Misezhnikov and Erdan also support setting up a fund to develop the entire Dead Sea area.

This only the first step in a long journey. Now the ministers have to face the big challenge of implementing the plan. They say the Dead Sea Works should pay for dredging the pool and should provide some of the money for the regional development fund.

Minister Misezhnikov, do you believe you will succeed in getting the Dead Sea Works to foot the bill for dredging the salt?

The Dead Sea Works has already accepted the principle that they must pay for protecting the hotels, and they have already done this in an interim stage and have paid 40 percent of the costs of protection. The Finance Ministry is currently conducting negotiations with them and I can't say now whether they will pay 80 percent or 90 percent.

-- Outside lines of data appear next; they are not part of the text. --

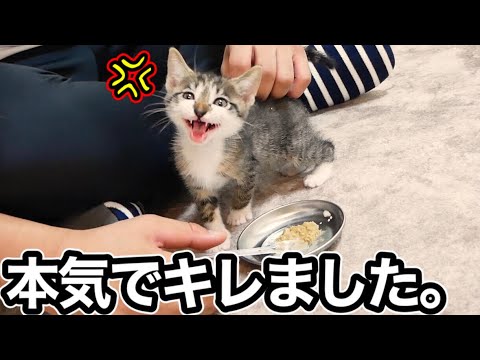 子猫にご飯をあげようとしたら本気でキレられた…【保護猫】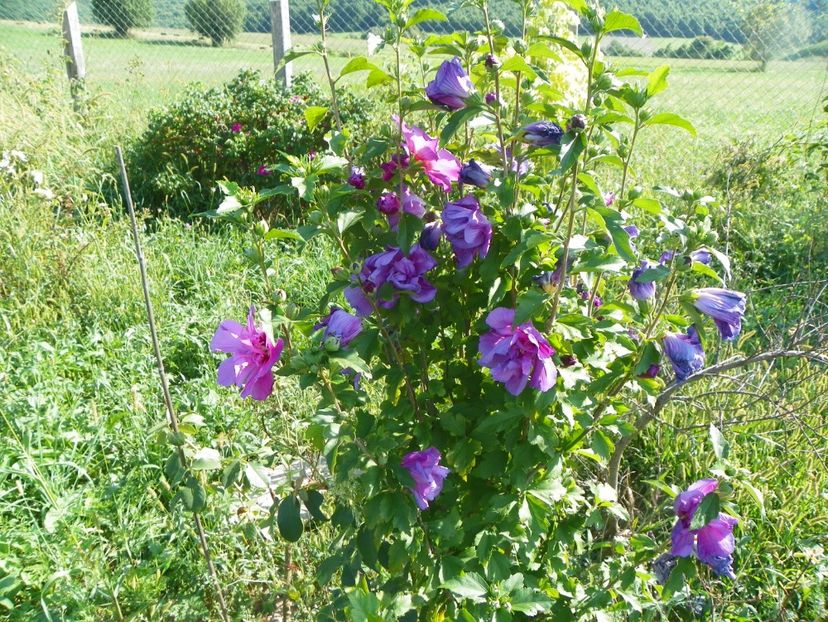 hibiscus Duc de Brabant - Dobarland 2017 2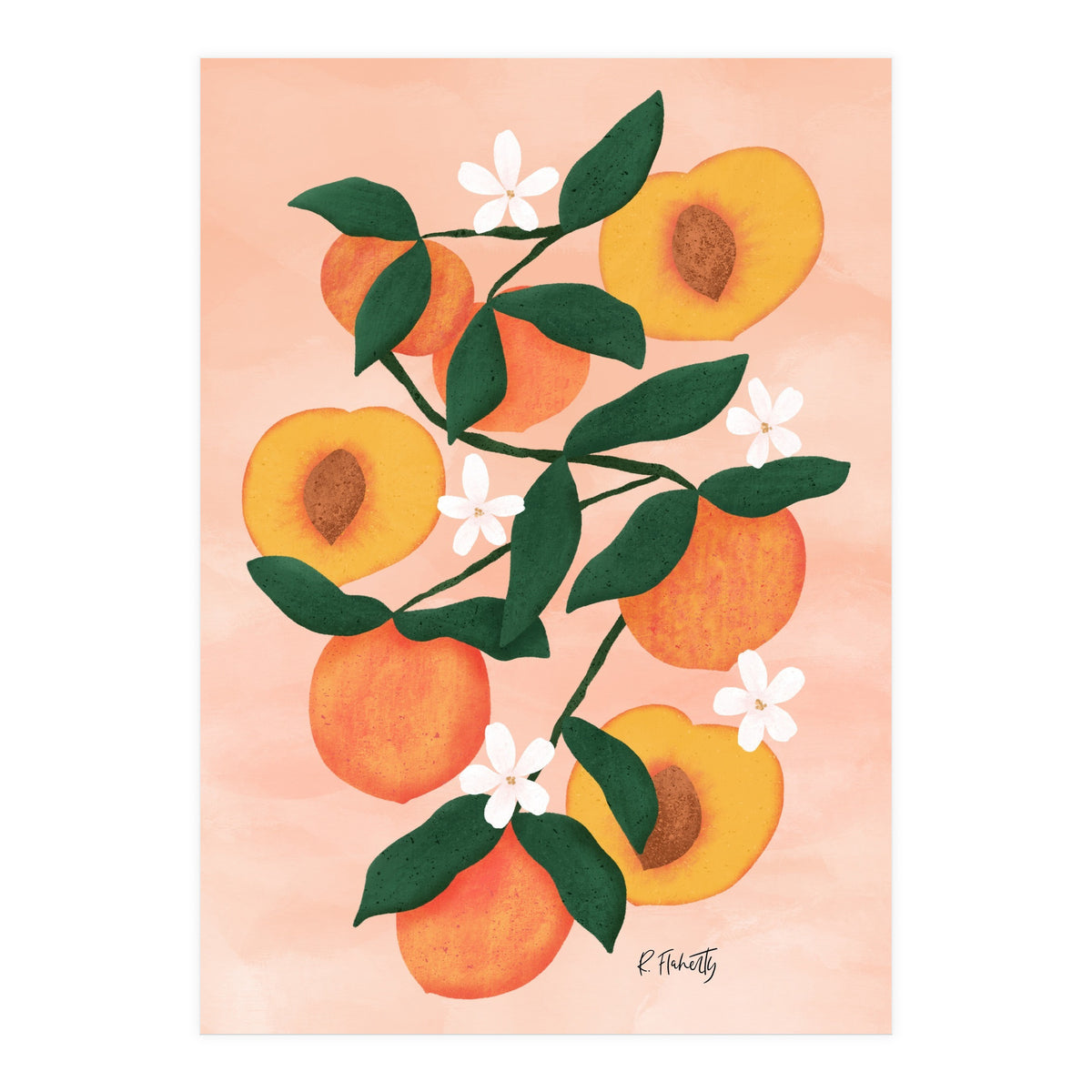 Summer Peaches (Print Only)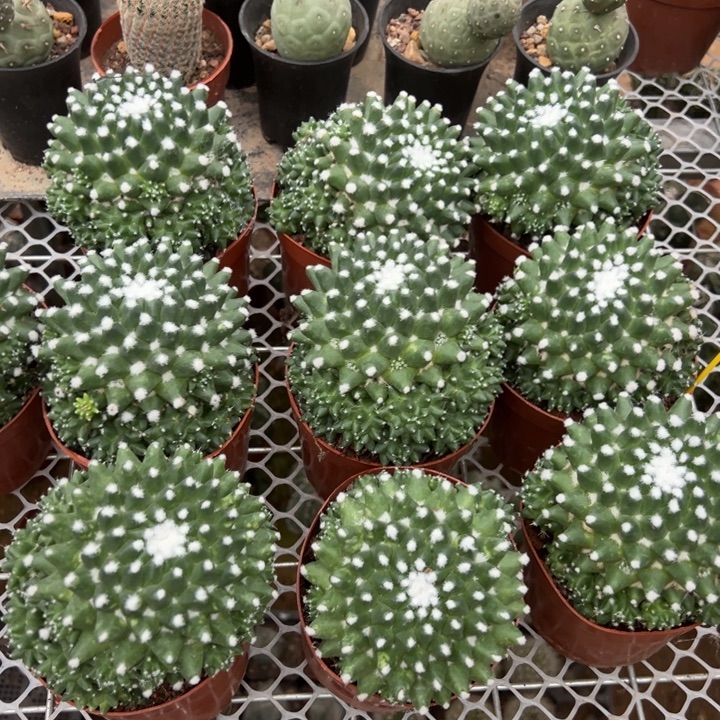    雪糕。随机一颗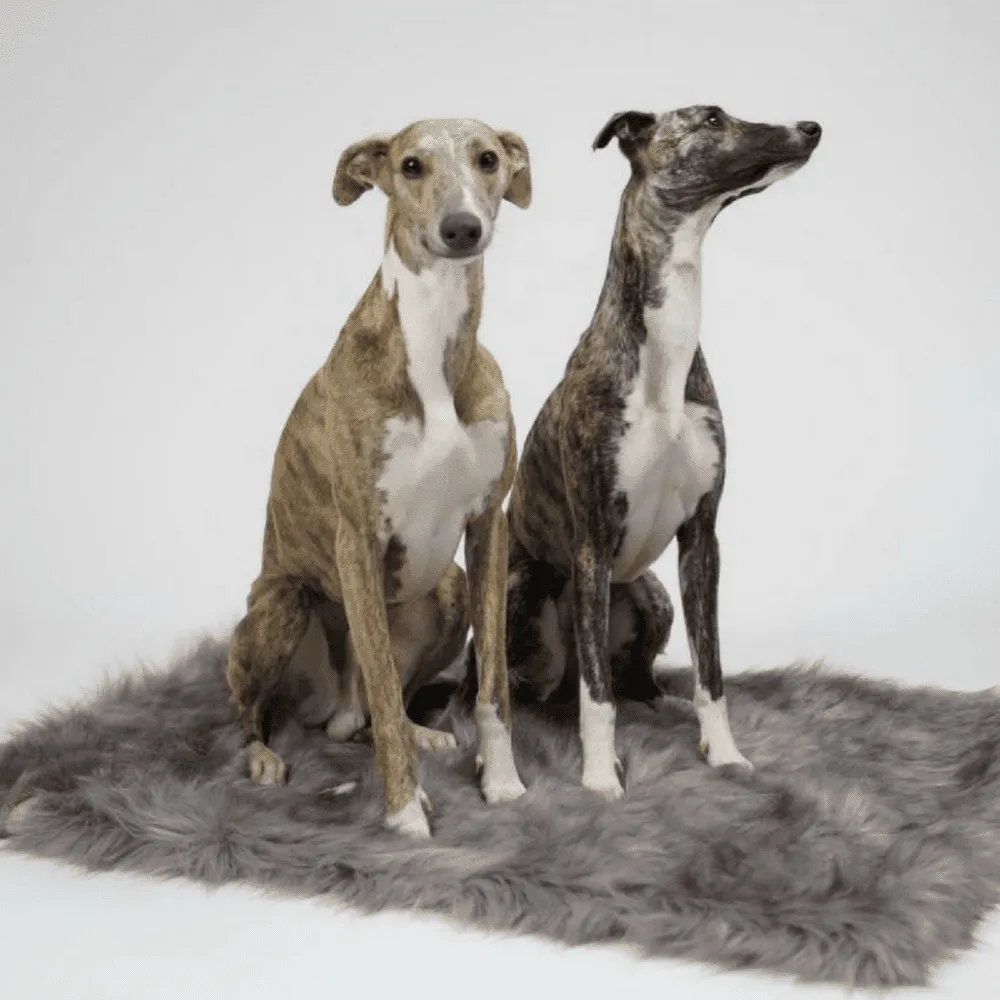 FÖRA Luxury Dog Blanket by Labbvenn - Silver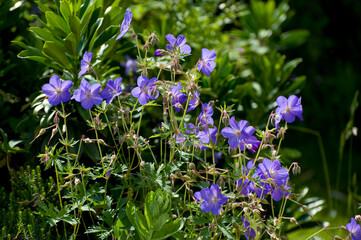 Wiesenstorchenschnabel, Geranium pratense
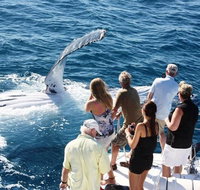 Half-Day Whale Watching Sunset Cruise from Broome - Find Attractions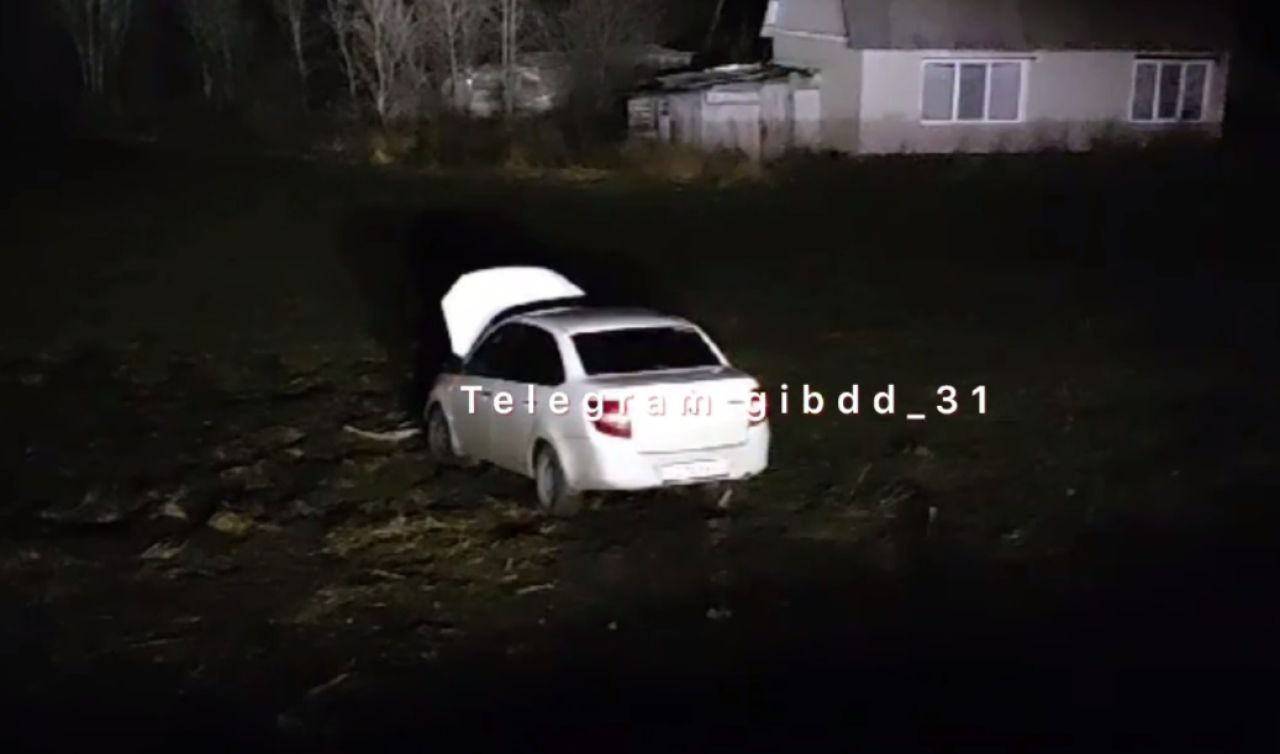 В Белгородской области на трассе перевернулась легковушка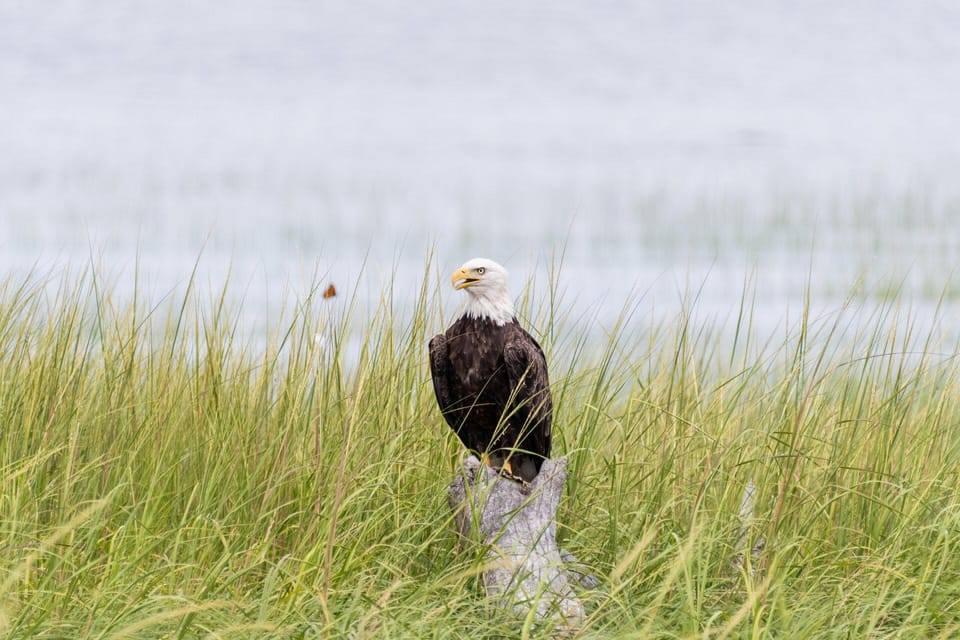 Newburyport: Plum Island Bird Watching Tour W/Transportation - Preparation and Guidelines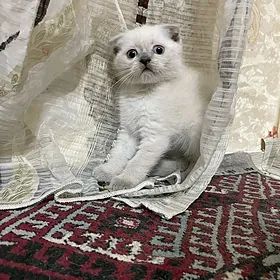 шотландский вислоухий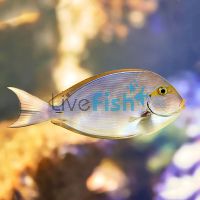 Tang Yellow Eye - Medium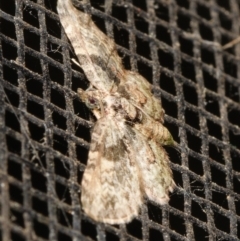 Chloroclystis catastreptes (Green and Brown Carpet) at Downer, ACT - 8 Feb 2024 by RobertD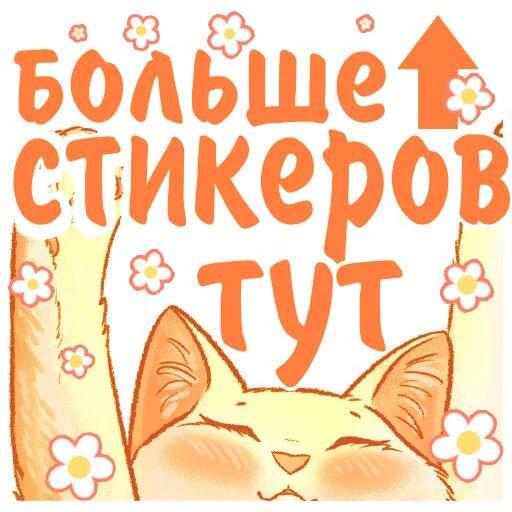 @kotiki_i_frazochki летние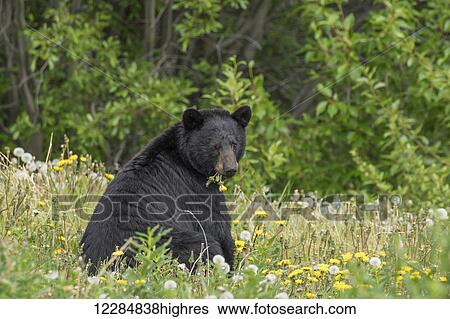 A Black Bear forages on dandelions along the Alaska Highway, Yukon Territory, Canada, summer View Large Photo Image Stock Photograph - A Black Bear forages on dandelions along the Alaska Highway, Yukon Territory, Canada, summer. Fotosearch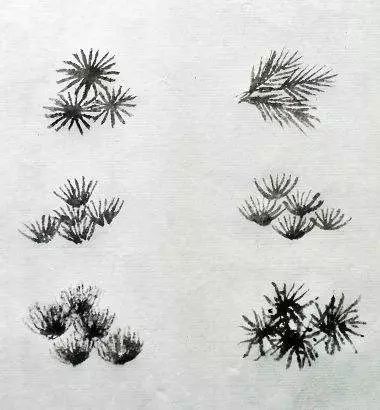 古代松树的画法,迎客松树的画法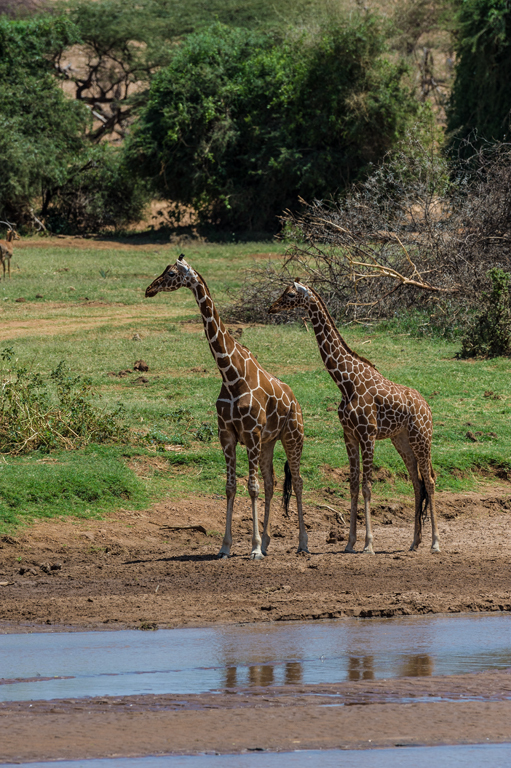 Plancia ëd <i>Giraffa camelopardalis reticulata</i>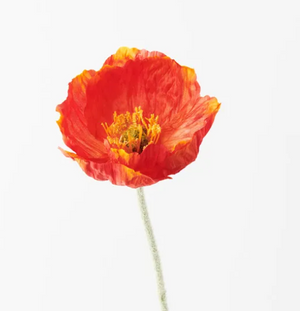 ICELAND POPPY BURNT ORANGE ICELAND POPPY BURNT ORANGE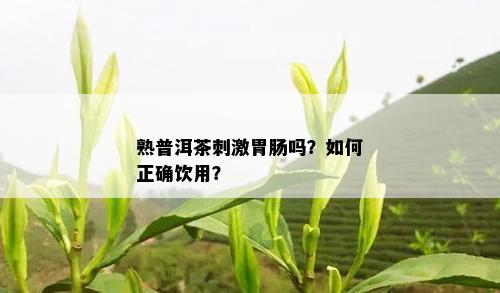 熟普洱茶 *** 胃肠吗？如何正确饮用？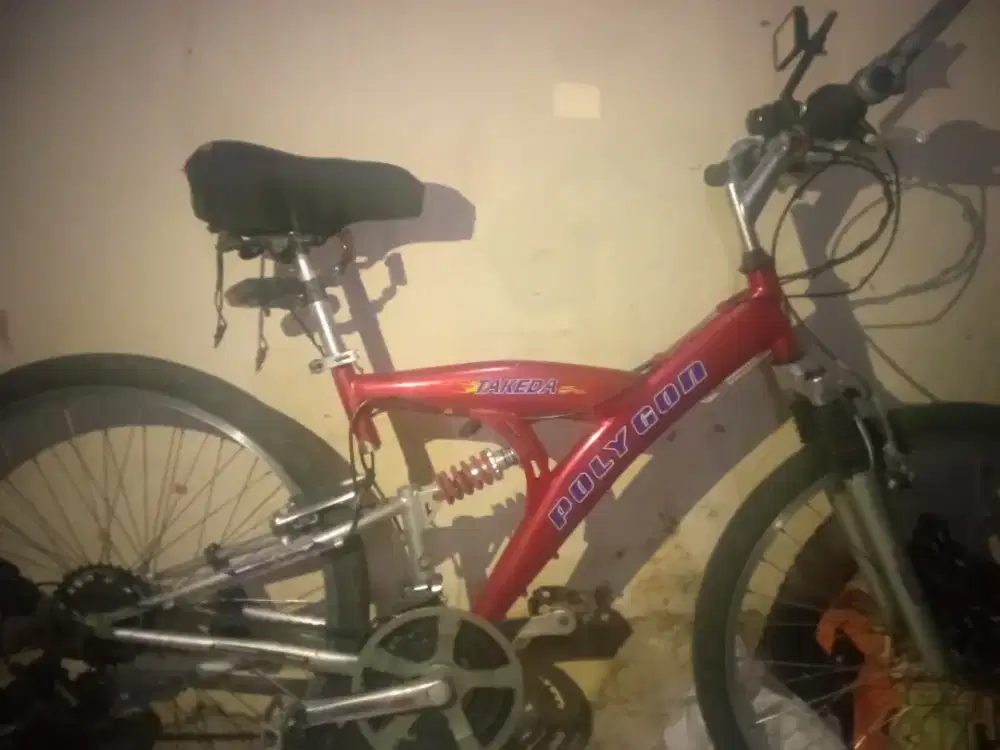 Sepeda bekas Polygon pertama Ory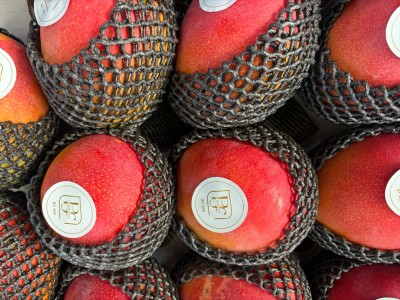 Foto Mango Via Aerea Varietà Kent Calibro 11 Origine Perù  Marchio Primory 2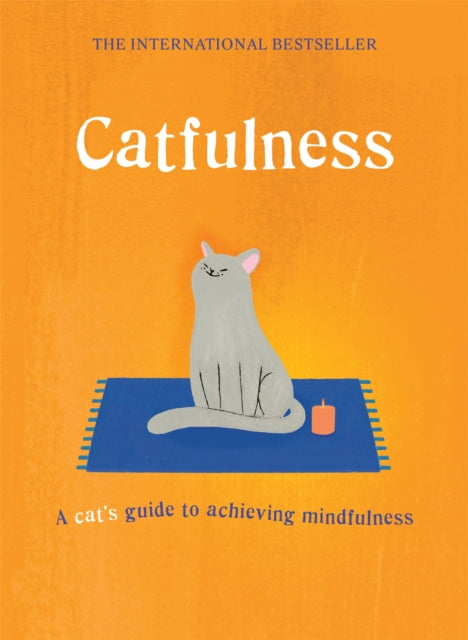 Catfulness: A cat's guide to achieving mindfulness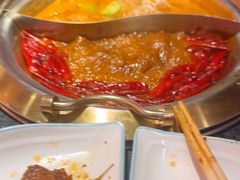 -熊喵来了火锅·牧场好肉(邯郸邯山万达店)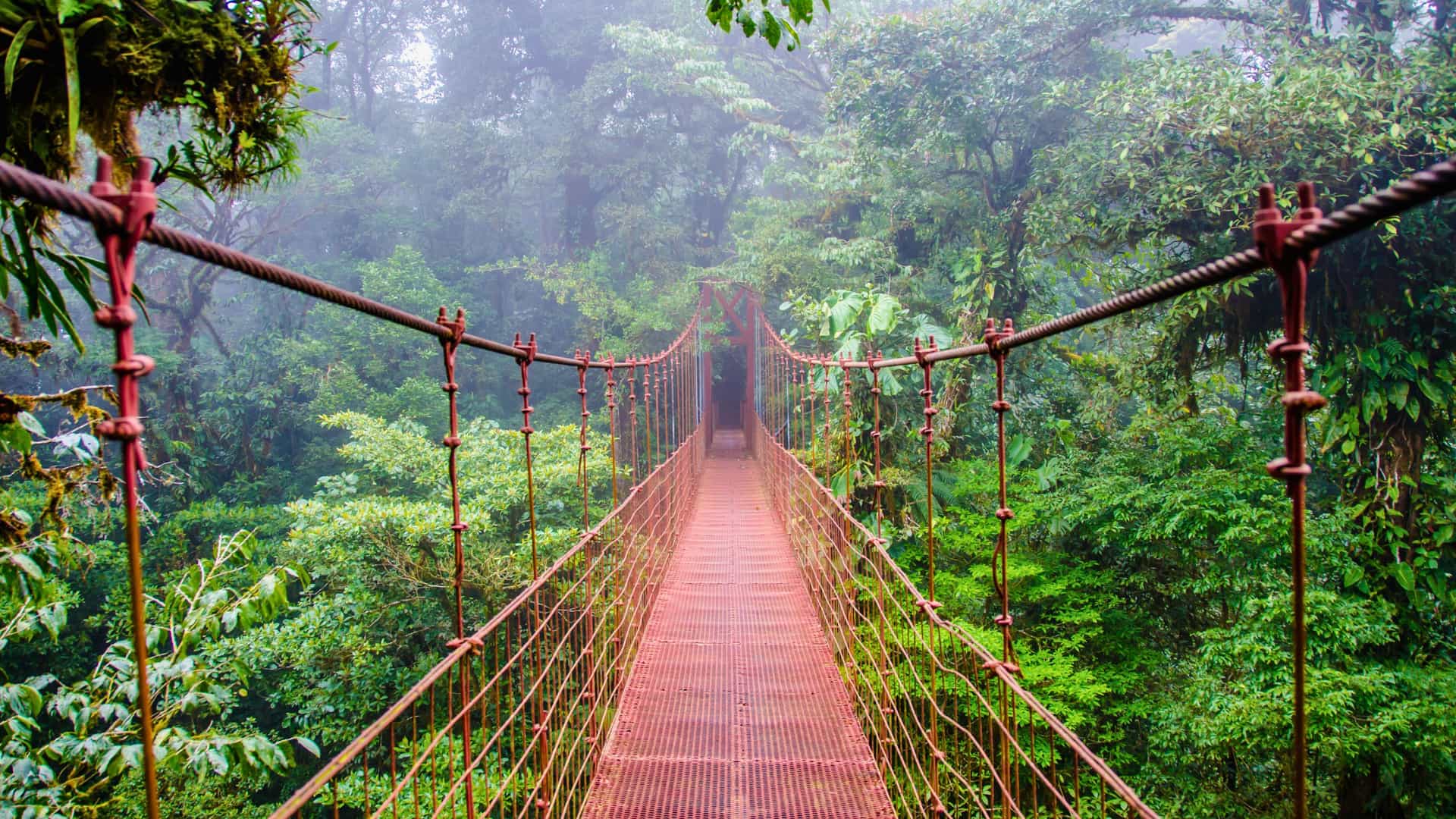 A suspension bridge stretching through the misty, lush rainforest canopy in Costa Rica, an adventurous experience often available on Oceania cruises.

What is clear is that the larger the sum imposed on them, the less the state will have to pay, including the fund for the area's development. I wish to stress that the Dead Sea Works is not the enemy. It contributes a great deal to the area's development, and I have no intention of beginning a struggle against them or against any other business enterprise. On the other hand, if we speak about actions to rehabilitate the region, there can be no concessions. They have earned huge sums and they have to clean up the salt that has been left behind.

Some people will say that, as with the Sheshinski committee on taxing oil and gas revenues, the government is once again changing agreements with entrepreneurs and thus endangering future investment in the region.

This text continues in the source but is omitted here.